いや、すごい。ここまでガッチリと緊密なコンセプトアルバムに仕上げてくるとは。過去と現在の事象を二重映しにしたヴィジョンを顕現させる「昭和九十年」のコンセプトもさることながら、混迷極める現代への大なり小なりのアジテーションを多彩な曲調で繰り出しています。種々雑多なオマージュや遊びが楽曲や詞に盛り込まれ、濃ゆいキャラクター性もろとも混ざり合うことで生み出される畸形じみたエネルギーをなりふりかまわずぶちまけていたインディーズ時代も一昔前のものとなり、震災、そしてバンド自身のメジャーデビューへ経たことで、「少女」の内面、「個人」の自意識から、「都市」「社会」の外側へより意識を向けるようになっていったバンドの姿勢が、ここで一つの形をみたと言っていいと思います。バンドの持っていた「痛々しさ」はだんだんと洗練されてきましたが、キャリアを積んできたがゆえの鋭さが研ぎ澄まされてきていますし、このバンドのもつ「何でもアリ」感は依然として健在であることが伝わってくるところも嬉しい。

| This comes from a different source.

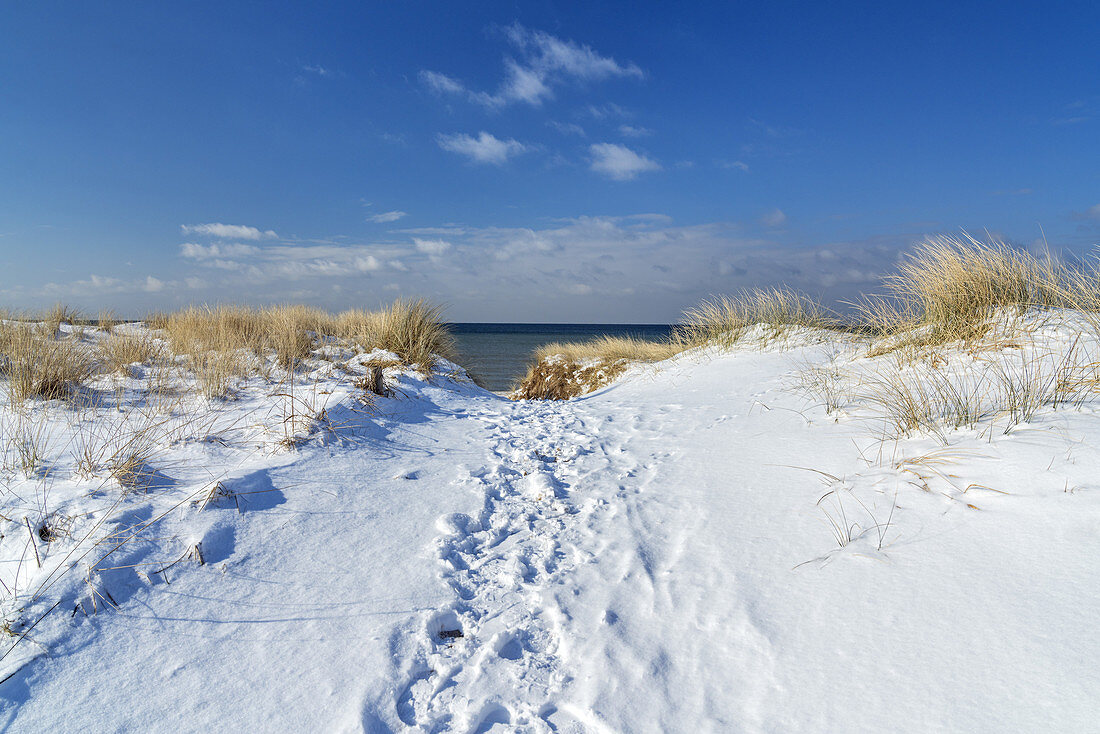 Strand im Ostseebad Wustrow im Winter, Fischland-Darß-Zingst, Ostseeküste, Mecklenburg-Vorpommern, Norddeutschland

「言葉を、殺すな」のフレーズを歌謡曲とEDMとサイレンのミクスチャーのもとに撃ち出す"くちびるデモクラシー"、苛烈なるラブソングにしてエレクトロ・ポップ"ラブレター燃ゆ"は、恋と戦争のダブルワードを巧みに絡めこむ二曲。対照的に、"新宿モナムール"は失恋ソング。歌詞にある「飛んでくれるなお嬢さん 背中の桜が泣いている」のフレーズは、60年代末に橋本治が打った東大駒場祭のポスターの一文「とめてくれるなおっかさん 背中の銀杏が泣いている 男東大どこへ行く」から。『少女KAITAI』にも収録されていた"コインロッカーベイビーズ"は、このタイトルで「子供をつくろう」というプロポーズソングという意表をついた一曲。とはいえ、70年代に社会問題にまでなったコインロッカー幼児置き去り事件も、今はもう完全に過去のものとなった感があります。作詞は浜崎容子さんと、ジャニーズをはじめJ-POPの作詞・作編曲家の大智氏の共作。クラヴィネットがハネる軽快な曲調で、言葉を紡ぎ出すことの葛藤を歌う"詩人狩り"は、詩人は、ともすれば死人でもあるという一曲。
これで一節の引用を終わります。